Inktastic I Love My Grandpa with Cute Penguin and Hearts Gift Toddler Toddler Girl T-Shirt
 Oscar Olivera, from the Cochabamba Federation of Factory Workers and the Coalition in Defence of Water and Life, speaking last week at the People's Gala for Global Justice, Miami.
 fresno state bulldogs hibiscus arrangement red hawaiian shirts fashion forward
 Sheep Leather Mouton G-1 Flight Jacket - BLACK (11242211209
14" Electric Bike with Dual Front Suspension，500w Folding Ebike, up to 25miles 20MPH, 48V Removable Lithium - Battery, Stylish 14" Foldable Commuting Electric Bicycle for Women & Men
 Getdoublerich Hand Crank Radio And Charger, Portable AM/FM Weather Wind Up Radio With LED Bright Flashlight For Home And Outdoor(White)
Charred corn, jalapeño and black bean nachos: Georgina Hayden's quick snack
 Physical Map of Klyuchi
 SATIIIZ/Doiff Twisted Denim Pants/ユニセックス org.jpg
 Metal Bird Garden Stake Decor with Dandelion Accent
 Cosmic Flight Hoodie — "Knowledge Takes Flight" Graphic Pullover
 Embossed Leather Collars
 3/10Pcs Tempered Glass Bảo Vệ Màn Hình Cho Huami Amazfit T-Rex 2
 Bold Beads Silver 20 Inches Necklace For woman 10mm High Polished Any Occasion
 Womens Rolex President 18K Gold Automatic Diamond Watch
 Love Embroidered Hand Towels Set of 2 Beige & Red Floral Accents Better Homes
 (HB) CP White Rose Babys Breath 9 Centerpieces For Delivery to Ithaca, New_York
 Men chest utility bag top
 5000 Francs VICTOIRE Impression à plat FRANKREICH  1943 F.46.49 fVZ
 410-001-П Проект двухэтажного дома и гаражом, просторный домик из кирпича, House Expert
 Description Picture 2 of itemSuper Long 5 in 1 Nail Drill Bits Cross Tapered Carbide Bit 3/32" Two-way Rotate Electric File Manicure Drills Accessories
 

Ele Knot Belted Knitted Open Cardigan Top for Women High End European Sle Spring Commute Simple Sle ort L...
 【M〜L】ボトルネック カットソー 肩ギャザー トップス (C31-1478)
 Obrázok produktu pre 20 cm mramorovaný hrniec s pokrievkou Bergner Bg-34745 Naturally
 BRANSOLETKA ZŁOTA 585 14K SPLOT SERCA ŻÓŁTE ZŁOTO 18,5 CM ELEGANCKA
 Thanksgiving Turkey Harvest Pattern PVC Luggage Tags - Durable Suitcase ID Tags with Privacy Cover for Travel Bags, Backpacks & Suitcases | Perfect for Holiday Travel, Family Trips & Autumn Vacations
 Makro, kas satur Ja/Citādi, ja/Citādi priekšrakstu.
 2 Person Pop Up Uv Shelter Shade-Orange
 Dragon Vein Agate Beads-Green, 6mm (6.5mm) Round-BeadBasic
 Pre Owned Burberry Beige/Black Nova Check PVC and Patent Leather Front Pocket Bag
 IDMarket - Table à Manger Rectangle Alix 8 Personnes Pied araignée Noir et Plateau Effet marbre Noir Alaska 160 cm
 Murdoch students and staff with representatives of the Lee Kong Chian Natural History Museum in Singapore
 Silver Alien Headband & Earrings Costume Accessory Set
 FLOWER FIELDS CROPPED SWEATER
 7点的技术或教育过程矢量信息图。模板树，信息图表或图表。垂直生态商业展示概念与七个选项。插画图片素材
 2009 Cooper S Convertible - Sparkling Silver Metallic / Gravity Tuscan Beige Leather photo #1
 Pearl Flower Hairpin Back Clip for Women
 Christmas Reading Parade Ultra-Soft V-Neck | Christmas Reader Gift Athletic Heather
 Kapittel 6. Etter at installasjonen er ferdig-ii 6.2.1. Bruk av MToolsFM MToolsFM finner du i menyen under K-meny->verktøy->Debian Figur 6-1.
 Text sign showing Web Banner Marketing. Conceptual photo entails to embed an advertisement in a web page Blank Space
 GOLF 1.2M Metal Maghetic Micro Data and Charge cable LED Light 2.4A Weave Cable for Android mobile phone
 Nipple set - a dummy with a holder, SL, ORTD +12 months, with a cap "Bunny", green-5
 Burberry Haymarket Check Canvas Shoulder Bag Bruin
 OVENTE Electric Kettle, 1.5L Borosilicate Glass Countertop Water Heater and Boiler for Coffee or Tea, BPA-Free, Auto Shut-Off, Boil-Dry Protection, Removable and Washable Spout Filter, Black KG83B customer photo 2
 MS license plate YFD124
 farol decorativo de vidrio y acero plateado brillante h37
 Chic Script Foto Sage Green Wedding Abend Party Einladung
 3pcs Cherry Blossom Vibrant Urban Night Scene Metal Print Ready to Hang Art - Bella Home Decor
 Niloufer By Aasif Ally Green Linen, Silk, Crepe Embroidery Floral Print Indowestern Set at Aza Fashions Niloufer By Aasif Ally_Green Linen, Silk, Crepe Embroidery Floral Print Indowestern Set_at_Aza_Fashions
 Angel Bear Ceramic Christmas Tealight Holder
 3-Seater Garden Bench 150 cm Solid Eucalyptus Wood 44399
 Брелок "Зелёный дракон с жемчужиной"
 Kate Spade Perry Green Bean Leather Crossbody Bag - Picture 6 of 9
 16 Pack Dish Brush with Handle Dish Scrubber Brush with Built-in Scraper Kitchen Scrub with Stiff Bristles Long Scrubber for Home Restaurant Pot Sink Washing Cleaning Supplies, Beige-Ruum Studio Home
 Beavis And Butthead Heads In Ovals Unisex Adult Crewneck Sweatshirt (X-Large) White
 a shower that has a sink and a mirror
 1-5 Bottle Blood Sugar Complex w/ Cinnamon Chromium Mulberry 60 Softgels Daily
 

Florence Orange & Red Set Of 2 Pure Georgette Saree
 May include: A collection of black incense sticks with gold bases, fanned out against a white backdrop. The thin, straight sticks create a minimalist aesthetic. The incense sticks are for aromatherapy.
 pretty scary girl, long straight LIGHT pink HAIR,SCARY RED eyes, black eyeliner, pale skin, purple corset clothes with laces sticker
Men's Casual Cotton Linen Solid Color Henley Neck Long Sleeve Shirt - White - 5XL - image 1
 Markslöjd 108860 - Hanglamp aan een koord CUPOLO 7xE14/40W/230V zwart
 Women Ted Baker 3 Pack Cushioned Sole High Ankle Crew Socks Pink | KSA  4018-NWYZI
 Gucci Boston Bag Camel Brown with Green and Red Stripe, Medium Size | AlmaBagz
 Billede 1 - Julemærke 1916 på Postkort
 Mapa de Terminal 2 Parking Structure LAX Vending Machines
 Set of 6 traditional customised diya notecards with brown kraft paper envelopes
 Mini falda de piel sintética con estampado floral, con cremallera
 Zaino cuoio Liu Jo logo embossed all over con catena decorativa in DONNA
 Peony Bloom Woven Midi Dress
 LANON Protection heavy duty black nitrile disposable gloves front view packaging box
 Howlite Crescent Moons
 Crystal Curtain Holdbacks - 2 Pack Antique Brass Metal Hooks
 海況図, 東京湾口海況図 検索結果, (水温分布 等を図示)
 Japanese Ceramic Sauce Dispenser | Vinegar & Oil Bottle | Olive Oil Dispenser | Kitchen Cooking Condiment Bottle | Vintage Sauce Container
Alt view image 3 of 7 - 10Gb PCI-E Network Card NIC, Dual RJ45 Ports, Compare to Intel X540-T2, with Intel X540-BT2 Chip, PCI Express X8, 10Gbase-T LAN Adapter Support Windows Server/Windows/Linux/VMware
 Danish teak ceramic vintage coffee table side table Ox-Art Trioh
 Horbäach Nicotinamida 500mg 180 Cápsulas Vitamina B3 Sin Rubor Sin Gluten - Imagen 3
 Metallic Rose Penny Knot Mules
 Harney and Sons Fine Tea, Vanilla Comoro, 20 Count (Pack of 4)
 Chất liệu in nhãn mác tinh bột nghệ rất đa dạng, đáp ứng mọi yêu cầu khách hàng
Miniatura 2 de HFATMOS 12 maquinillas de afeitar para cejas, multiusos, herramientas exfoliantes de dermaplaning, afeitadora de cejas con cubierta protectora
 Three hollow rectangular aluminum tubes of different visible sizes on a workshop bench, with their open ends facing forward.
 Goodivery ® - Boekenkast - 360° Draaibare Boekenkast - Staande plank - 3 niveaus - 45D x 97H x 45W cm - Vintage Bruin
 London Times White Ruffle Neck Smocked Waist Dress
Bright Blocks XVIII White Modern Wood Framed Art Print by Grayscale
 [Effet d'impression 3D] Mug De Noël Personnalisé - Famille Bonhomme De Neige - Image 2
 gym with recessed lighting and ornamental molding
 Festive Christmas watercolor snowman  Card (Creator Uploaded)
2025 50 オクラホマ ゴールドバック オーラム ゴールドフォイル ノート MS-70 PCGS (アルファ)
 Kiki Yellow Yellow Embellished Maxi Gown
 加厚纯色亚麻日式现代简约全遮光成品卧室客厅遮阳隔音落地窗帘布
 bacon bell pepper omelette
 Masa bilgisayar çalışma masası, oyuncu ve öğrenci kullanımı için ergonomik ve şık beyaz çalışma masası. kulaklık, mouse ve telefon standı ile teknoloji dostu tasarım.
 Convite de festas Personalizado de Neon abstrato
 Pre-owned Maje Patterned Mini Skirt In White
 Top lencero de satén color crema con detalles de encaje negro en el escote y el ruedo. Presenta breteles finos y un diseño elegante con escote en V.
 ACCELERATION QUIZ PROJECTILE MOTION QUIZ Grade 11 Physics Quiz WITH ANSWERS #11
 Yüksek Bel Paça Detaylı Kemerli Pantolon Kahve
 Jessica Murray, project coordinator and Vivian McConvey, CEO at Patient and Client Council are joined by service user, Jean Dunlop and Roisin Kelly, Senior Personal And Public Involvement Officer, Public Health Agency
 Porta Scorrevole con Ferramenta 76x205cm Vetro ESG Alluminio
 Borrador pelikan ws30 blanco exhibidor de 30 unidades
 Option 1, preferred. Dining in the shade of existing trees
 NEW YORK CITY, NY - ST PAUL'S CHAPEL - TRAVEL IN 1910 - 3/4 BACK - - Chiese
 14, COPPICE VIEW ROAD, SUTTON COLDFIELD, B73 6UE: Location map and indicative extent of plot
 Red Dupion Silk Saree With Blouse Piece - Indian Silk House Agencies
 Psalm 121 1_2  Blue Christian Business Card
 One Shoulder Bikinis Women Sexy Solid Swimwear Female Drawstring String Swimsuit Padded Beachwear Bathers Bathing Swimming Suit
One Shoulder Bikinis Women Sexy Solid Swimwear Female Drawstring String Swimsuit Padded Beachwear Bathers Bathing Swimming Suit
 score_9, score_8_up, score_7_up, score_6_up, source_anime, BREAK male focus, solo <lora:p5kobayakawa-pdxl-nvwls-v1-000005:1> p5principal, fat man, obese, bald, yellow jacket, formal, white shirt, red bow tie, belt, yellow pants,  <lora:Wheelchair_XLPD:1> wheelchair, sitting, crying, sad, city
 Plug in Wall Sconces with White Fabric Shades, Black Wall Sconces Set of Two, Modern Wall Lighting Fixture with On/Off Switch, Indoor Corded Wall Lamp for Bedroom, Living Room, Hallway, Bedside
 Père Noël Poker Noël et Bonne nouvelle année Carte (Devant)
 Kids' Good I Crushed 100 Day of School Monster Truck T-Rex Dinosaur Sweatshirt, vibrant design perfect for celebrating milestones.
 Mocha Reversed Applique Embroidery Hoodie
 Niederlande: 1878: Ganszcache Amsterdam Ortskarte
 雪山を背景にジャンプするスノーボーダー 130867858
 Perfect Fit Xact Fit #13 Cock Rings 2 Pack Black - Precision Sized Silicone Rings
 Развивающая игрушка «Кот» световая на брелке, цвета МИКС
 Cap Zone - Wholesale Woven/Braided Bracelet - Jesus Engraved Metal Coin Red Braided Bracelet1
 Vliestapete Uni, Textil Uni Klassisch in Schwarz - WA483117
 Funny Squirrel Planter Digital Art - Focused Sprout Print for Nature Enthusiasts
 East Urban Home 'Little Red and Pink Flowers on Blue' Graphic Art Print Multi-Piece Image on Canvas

**WORK TO BE COMPLETED:** Only one part of the material above is to be transcribed, namely the lines starting with the line that has "肩ギャザー トップス (C31-1478)" and going on through the line that has "Pearl Flower Hairpin Back Clip for Women", exactly as they stand.

**ANSWER TO THIS TASK:**
 【M〜L】ボトルネック カットソー 肩ギャザー トップス (C31-1478)
 Obrázok produktu pre 20 cm mramorovaný hrniec s pokrievkou Bergner Bg-34745 Naturally
 BRANSOLETKA ZŁOTA 585 14K SPLOT SERCA ŻÓŁTE ZŁOTO 18,5 CM ELEGANCKA
 Thanksgiving Turkey Harvest Pattern PVC Luggage Tags - Durable Suitcase ID Tags with Privacy Cover for Travel Bags, Backpacks & Suitcases | Perfect for Holiday Travel, Family Trips & Autumn Vacations
 Makro, kas satur Ja/Citādi, ja/Citādi priekšrakstu.
 2 Person Pop Up Uv Shelter Shade-Orange
 Dragon Vein Agate Beads-Green, 6mm (6.5mm) Round-BeadBasic
 Pre Owned Burberry Beige/Black Nova Check PVC and Patent Leather Front Pocket Bag
 IDMarket - Table à Manger Rectangle Alix 8 Personnes Pied araignée Noir et Plateau Effet marbre Noir Alaska 160 cm
 Murdoch students and staff with representatives of the Lee Kong Chian Natural History Museum in Singapore
 Silver Alien Headband & Earrings Costume Accessory Set
 FLOWER FIELDS CROPPED SWEATER
 7点的技术或教育过程矢量信息图。模板树，信息图表或图表。垂直生态商业展示概念与七个选项。插画图片素材
 2009 Cooper S Convertible - Sparkling Silver Metallic / Gravity Tuscan Beige Leather photo #1
 Pearl Flower Hairpin Back Clip for Women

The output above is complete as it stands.